• **PROBLEM TO WORK ON**
Below are some records. Reproduce them exactly from their first line through the line with "BAŞKAN MUSTAFA ÇÖL", inclusive.

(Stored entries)
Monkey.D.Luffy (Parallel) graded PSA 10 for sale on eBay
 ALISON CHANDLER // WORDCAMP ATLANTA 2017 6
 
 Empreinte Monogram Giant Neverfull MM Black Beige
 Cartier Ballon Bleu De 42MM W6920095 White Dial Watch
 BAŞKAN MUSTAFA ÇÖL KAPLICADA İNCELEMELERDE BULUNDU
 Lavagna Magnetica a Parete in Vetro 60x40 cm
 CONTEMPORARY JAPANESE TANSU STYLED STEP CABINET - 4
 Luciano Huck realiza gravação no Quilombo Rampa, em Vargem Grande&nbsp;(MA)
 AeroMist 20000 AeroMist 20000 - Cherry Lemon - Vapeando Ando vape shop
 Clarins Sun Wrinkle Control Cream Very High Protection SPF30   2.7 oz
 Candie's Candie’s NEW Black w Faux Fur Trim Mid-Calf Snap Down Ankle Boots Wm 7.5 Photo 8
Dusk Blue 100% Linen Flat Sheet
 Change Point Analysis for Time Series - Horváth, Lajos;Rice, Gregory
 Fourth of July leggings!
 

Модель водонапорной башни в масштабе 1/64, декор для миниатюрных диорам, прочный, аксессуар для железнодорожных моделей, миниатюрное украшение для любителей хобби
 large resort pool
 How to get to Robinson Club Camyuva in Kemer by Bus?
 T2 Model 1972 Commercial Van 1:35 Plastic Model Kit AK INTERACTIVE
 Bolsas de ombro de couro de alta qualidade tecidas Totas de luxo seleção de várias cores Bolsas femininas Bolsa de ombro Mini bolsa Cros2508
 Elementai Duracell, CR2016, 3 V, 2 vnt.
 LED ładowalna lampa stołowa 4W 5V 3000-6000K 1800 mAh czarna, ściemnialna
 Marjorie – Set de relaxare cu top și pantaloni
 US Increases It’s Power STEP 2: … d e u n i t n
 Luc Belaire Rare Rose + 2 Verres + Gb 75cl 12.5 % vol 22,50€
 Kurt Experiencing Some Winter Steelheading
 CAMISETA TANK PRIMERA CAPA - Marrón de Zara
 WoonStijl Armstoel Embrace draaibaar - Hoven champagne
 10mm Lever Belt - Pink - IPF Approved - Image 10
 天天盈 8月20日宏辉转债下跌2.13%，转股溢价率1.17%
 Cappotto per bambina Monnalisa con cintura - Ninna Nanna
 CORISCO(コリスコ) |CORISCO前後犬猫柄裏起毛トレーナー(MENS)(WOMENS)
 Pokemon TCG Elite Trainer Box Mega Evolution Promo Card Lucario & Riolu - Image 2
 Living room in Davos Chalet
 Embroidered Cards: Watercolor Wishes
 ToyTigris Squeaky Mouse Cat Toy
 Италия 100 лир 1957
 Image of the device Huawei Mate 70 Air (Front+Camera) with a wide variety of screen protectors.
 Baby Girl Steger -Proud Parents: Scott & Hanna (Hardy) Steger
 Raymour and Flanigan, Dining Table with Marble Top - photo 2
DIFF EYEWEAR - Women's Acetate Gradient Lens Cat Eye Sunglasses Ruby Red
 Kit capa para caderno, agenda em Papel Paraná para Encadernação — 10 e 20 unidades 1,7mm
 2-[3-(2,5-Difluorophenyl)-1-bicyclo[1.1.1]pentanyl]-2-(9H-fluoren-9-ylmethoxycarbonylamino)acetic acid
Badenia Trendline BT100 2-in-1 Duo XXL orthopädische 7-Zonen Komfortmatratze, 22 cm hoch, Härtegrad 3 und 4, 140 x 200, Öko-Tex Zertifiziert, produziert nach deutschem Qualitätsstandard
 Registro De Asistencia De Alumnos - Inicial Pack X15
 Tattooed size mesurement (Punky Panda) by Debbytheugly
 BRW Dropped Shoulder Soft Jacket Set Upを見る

• **RESULT BELOW**
Monkey.D.Luffy (Parallel) graded PSA 10 for sale on eBay
 ALISON CHANDLER // WORDCAMP ATLANTA 2017 6
 
 Empreinte Monogram Giant Neverfull MM Black Beige
 Cartier Ballon Bleu De 42MM W6920095 White Dial Watch
 BAŞKAN MUSTAFA ÇÖL KAPLICADA İNCELEMELERDE BULUNDU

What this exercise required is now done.